◆ **DIRECTIONS**
Begin the copy at the line containing "Explosion Injures 21" and end it at the final line of the material below, reproducing each line exactly, without images.

◆ **PROVIDED DATA**
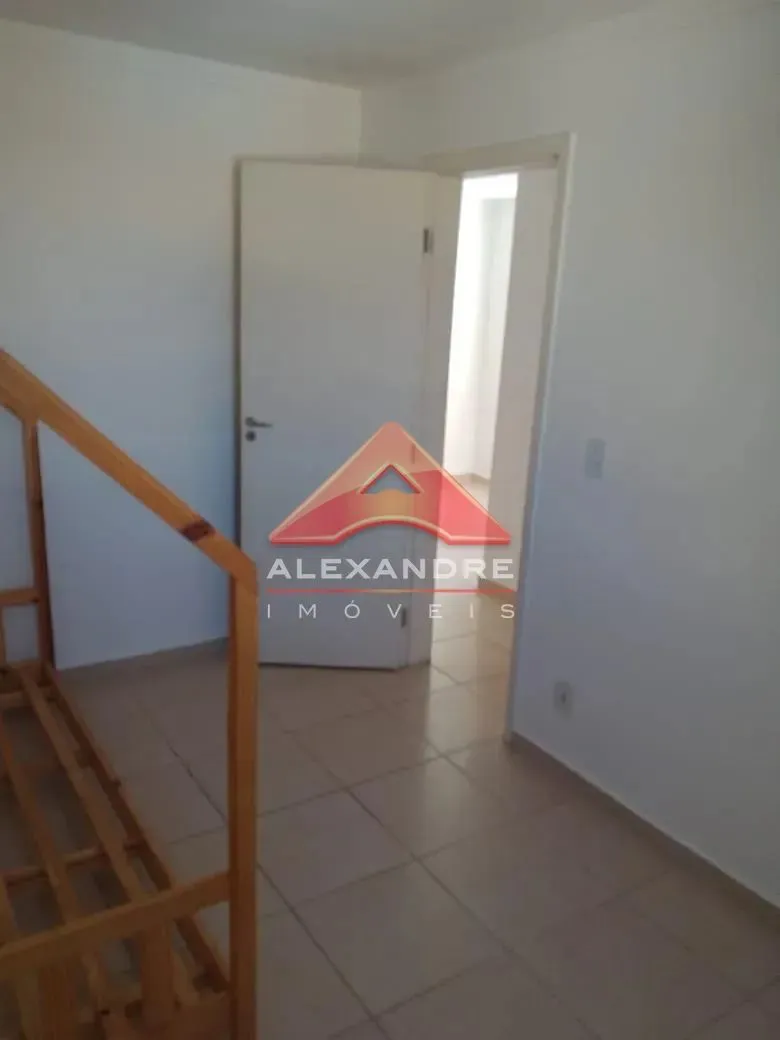 Apartamento, 2 quartos, 10 m² - Foto 16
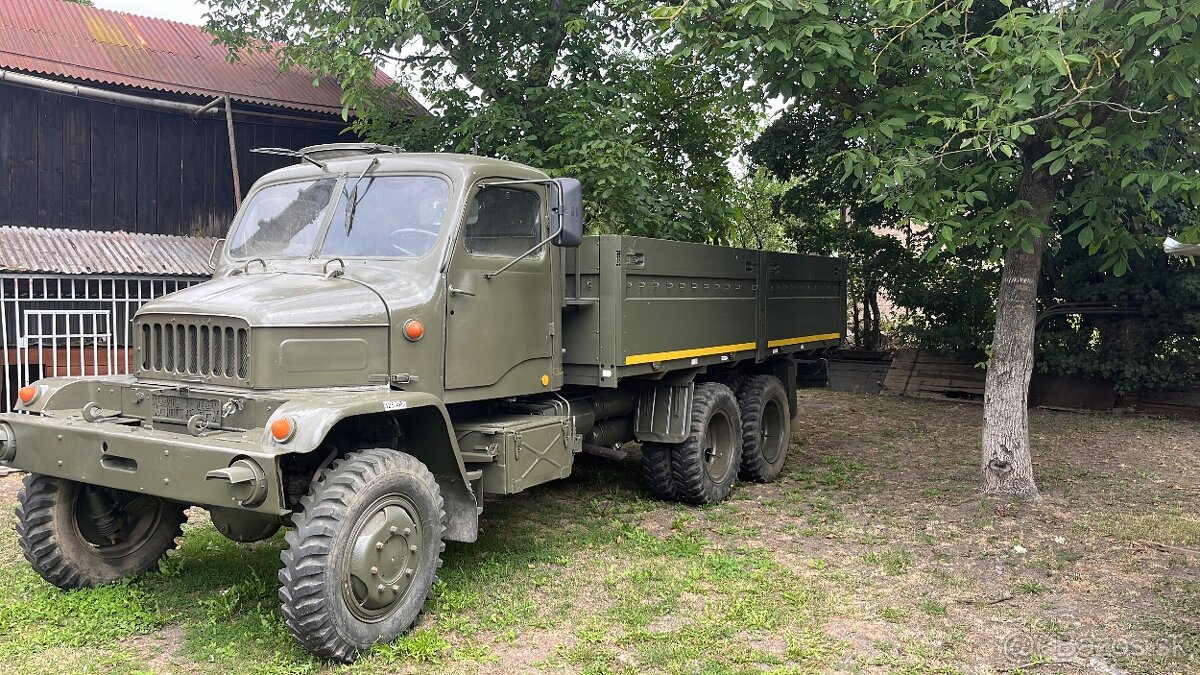 Praga v3s M2 Pv3s M2 M1 v3s - 2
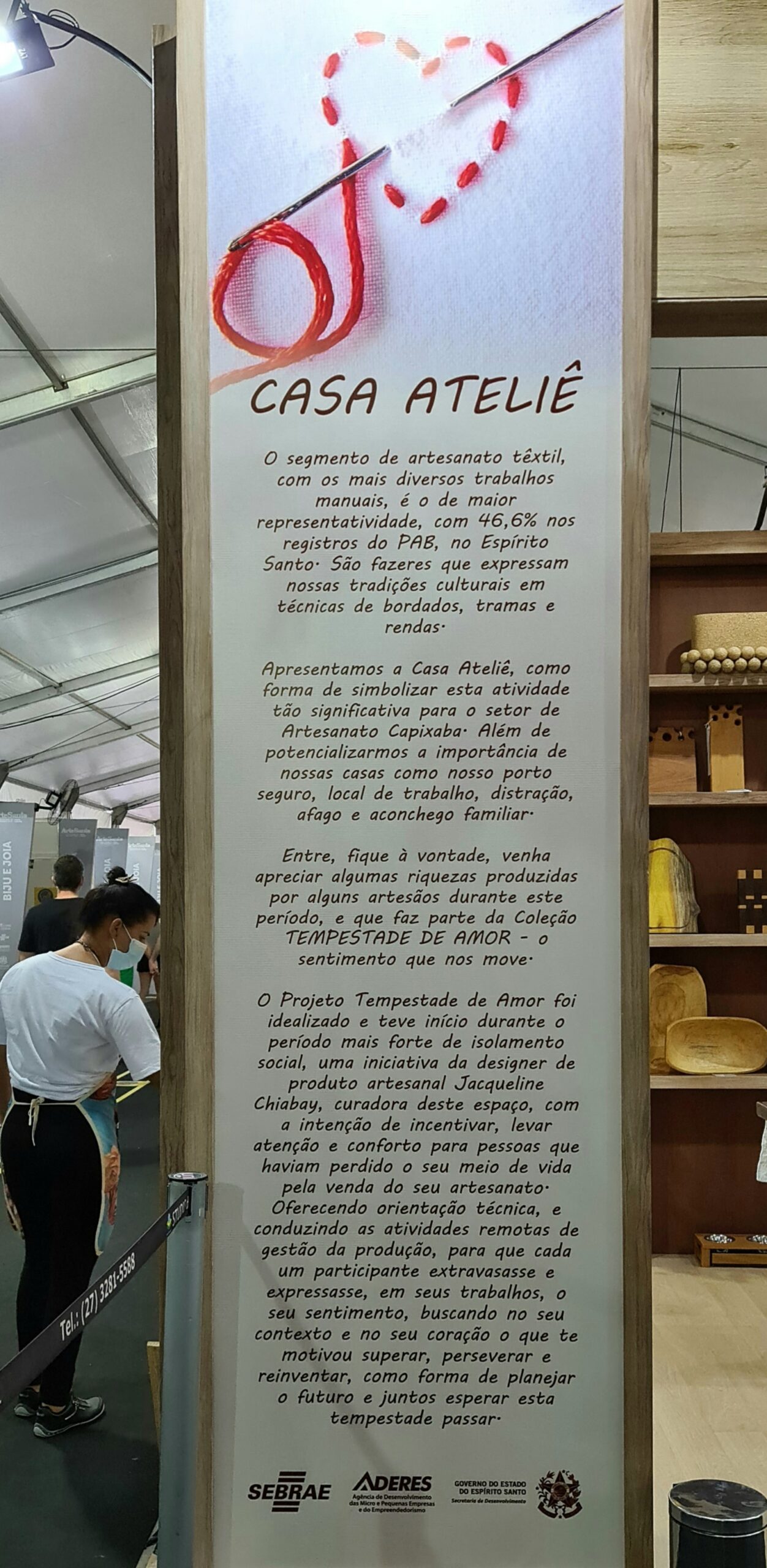 IMAGEM PONTO DE MEMÓRIA BARRA DE RENDA - FEIRA ARTE SANTO (2)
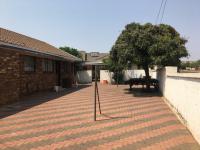  of property in Soshanguve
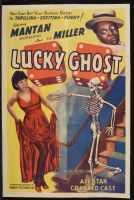Lucky Ghost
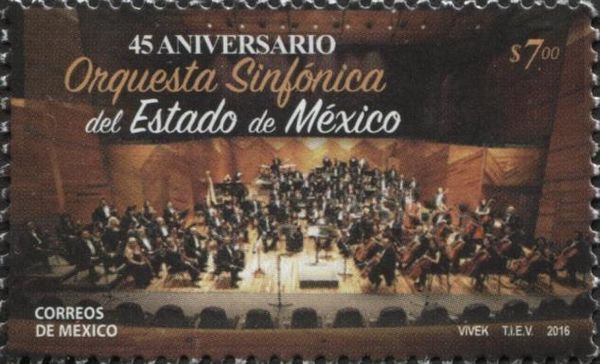 Orchestra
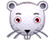 子鼠
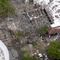 ‘Like the World Was Ending’: Florida Shopping Plaza Explosion Injures 21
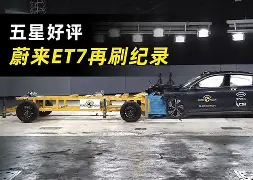 九游游戏旧版本-里程碑夜！那不勒斯止住颓势，CBA季后赛今晚刷纪录，态度坚定，数据趋势出现新变化(今日2014nba季后赛马刺vs开拓者)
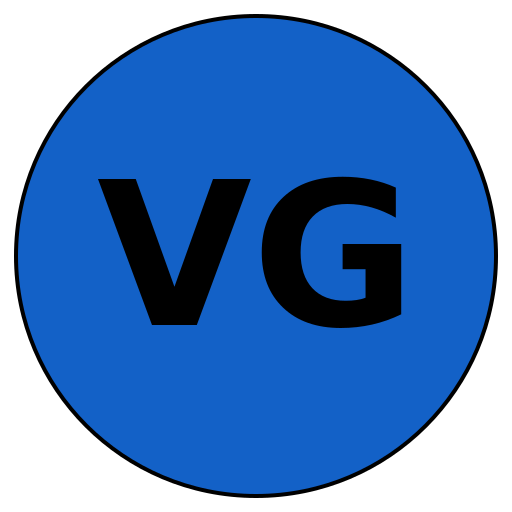 VowGlow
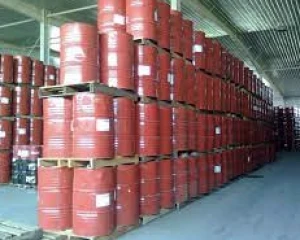 JET A1 BULK SUPPLY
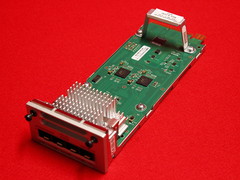 C3850-NM-4-1G V01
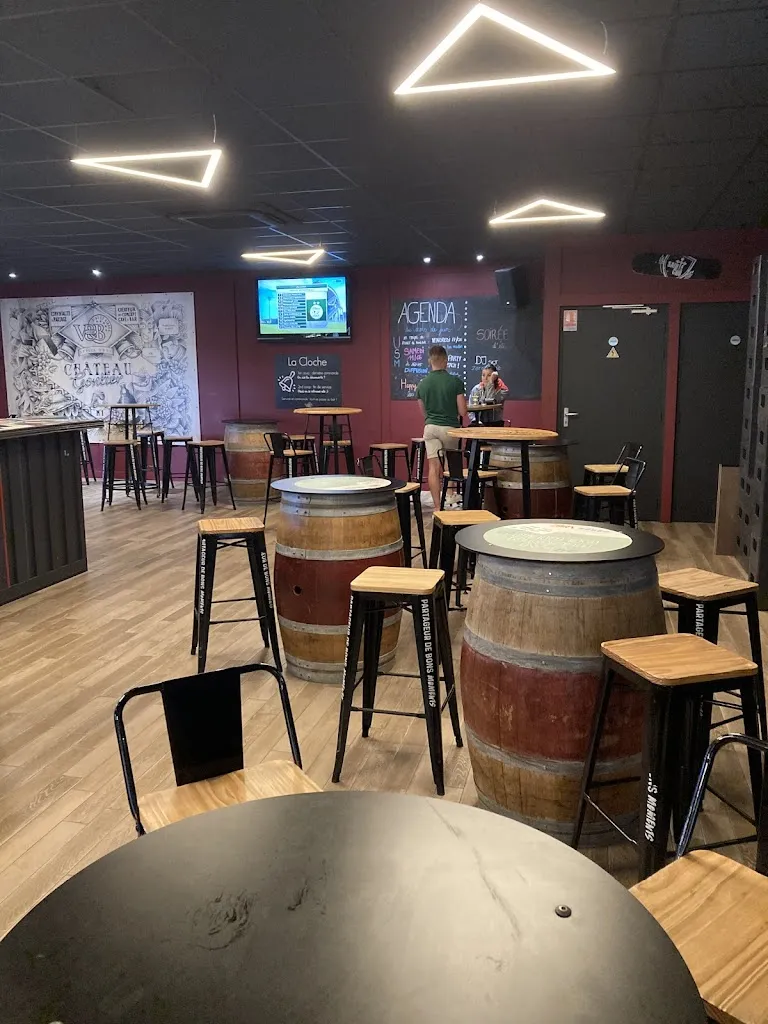 V and B Chateau-Gontier_Château-Gontier-sur-Mayenne_slider_image_2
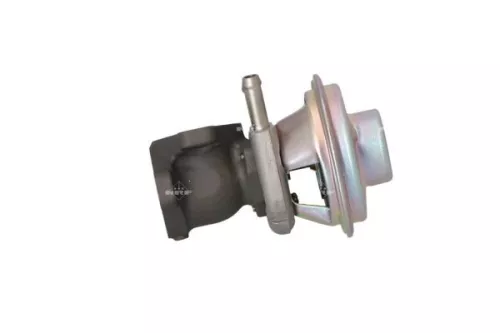 NRF EGR Valve (48393)
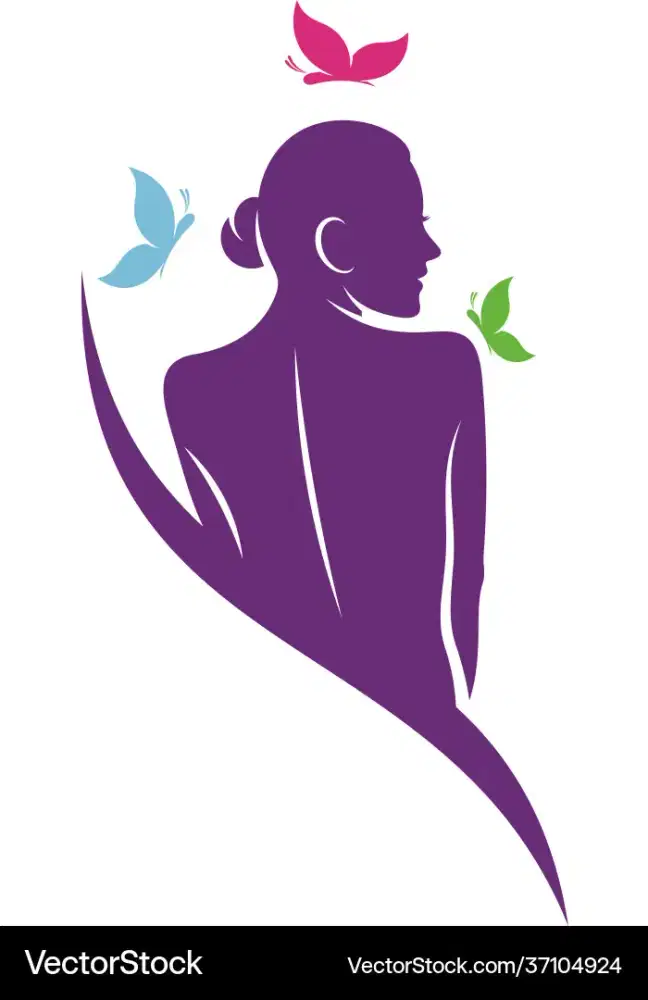 Dibutuhkan wanita single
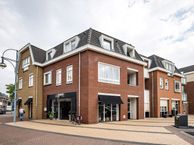 Binnenhof 40, 7642 GW Wierden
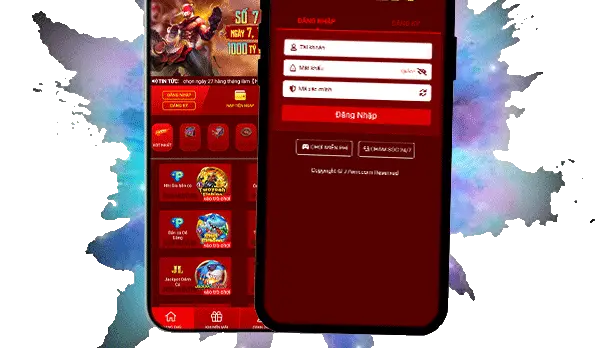 Hướng Dẫn Tải App Nhà Cái B29 - Khám Phá Trải Nghiệm Đỉnh Cao Hướng Dẫn Tải App Nhà Cái B29 - Khám Phá Trải Nghiệm Đỉnh Cao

◆ **TASK RESPONSE**
 ‘Like the World Was Ending’: Florida Shopping Plaza Explosion Injures 21
 九游游戏旧版本-里程碑夜！那不勒斯止住颓势，CBA季后赛今晚刷纪录，态度坚定，数据趋势出现新变化(今日2014nba季后赛马刺vs开拓者)
 VowGlow
 JET A1 BULK SUPPLY
 C3850-NM-4-1G V01
 V and B Chateau-Gontier_Château-Gontier-sur-Mayenne_slider_image_2
 NRF EGR Valve (48393)
 Dibutuhkan wanita single
 Binnenhof 40, 7642 GW Wierden
 Hướng Dẫn Tải App Nhà Cái B29 - Khám Phá Trải Nghiệm Đỉnh Cao Hướng Dẫn Tải App Nhà Cái B29 - Khám Phá Trải Nghiệm Đỉnh Cao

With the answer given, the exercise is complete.